:: SUPPLIED MATERIAL

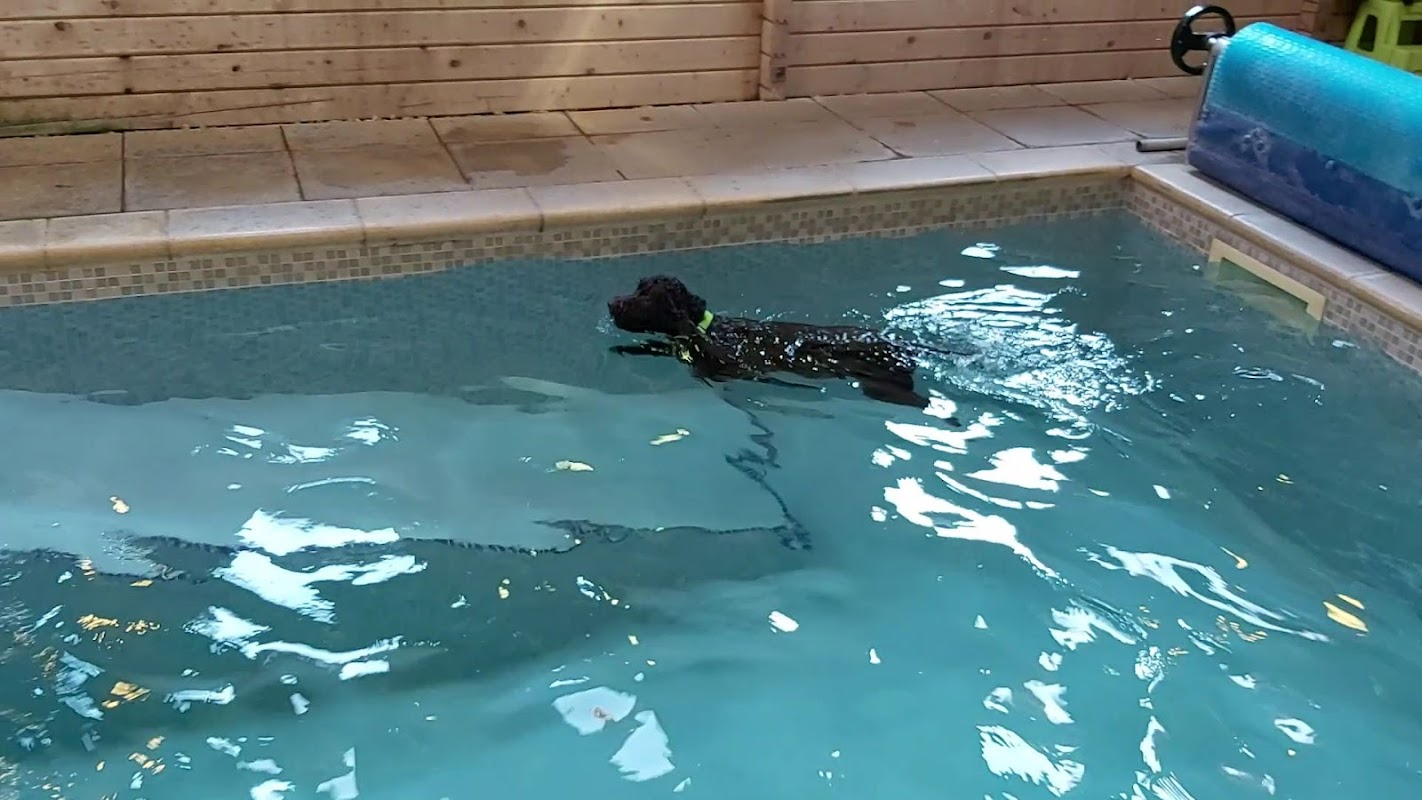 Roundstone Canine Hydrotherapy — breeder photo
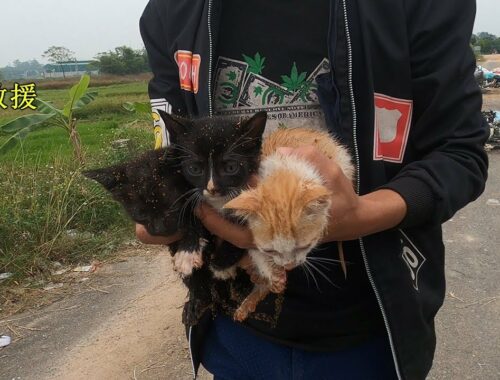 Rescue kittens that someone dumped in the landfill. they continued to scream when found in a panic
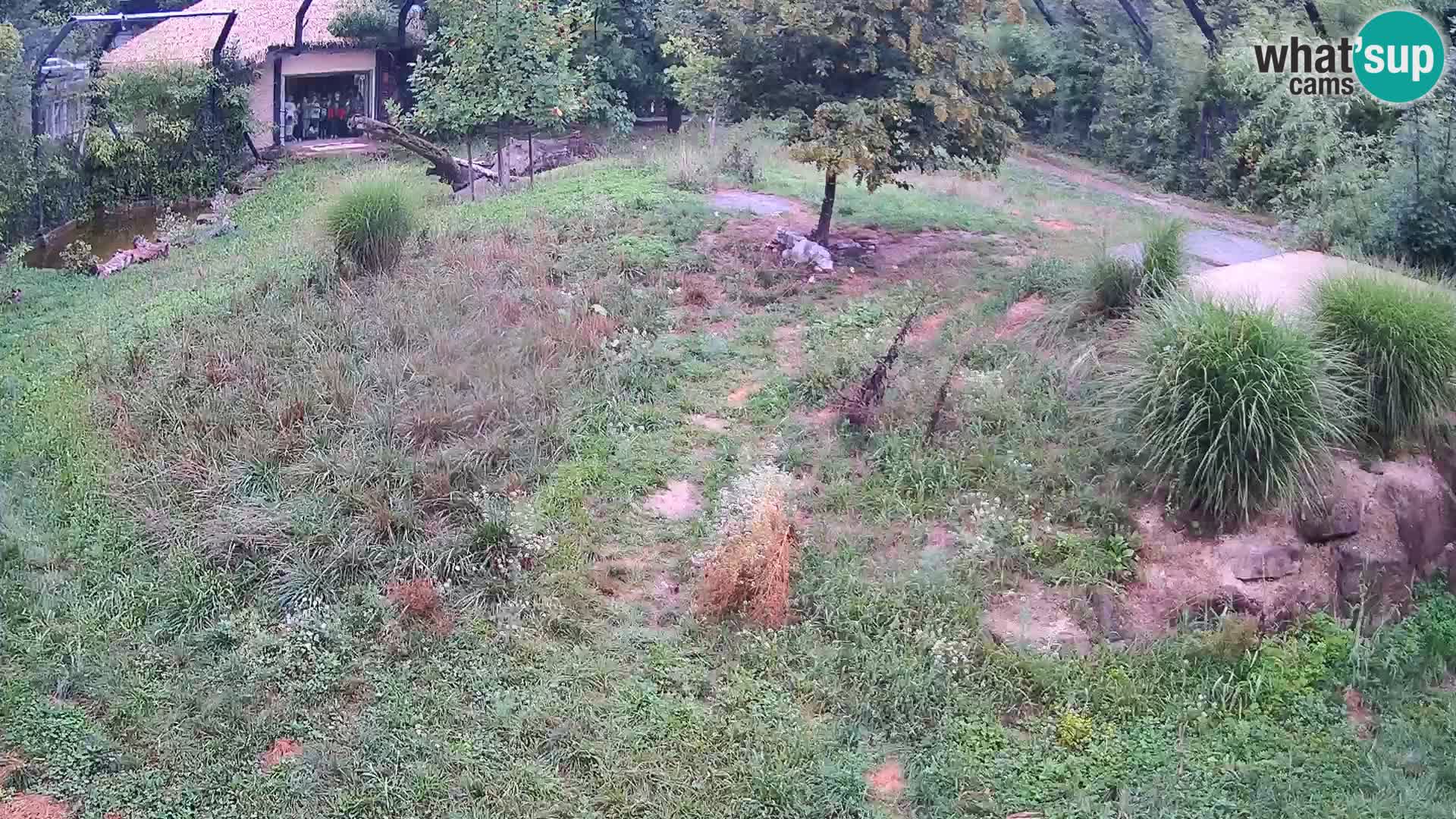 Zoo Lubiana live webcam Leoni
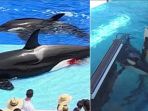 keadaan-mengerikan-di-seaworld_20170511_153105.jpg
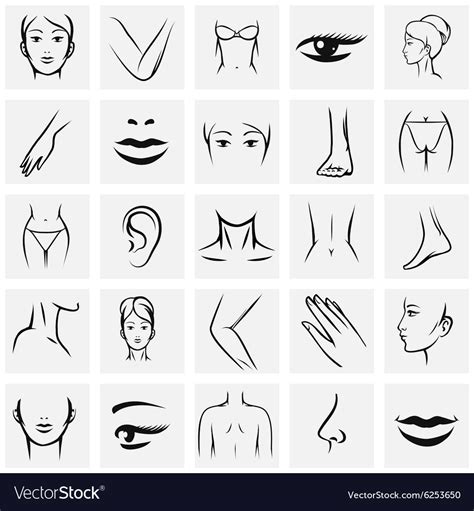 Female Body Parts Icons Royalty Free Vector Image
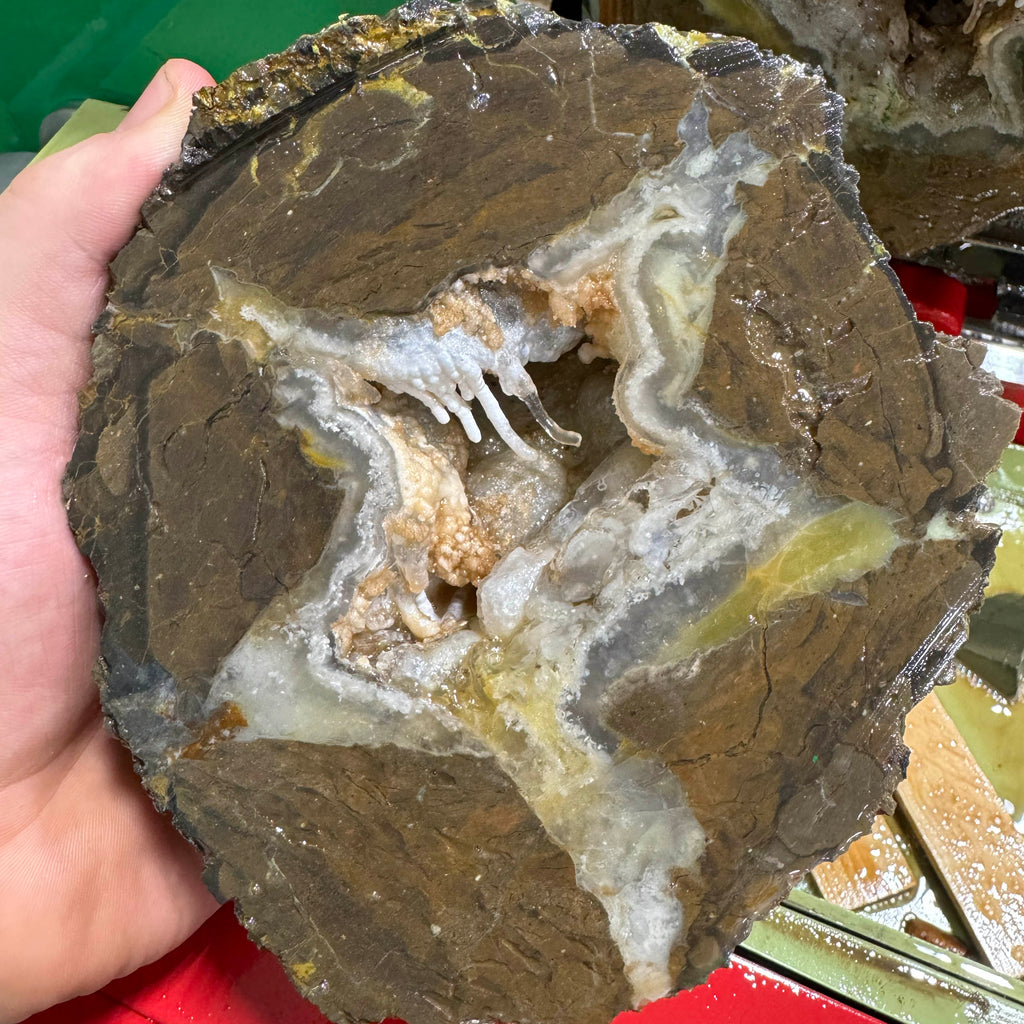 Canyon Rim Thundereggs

::::

TASK PROMPT. Keep the pictures out and transcribe the entries exactly.

ANSWER TO THIS EXERCISE.
 Roundstone Canine Hydrotherapy — breeder photo
 Rescue kittens that someone dumped in the landfill. they continued to scream when found in a panic
 Zoo Lubiana live webcam Leoni
 keadaan-mengerikan-di-seaworld_20170511_153105.jpg
 Female Body Parts Icons Royalty Free Vector Image
 Canyon Rim Thundereggs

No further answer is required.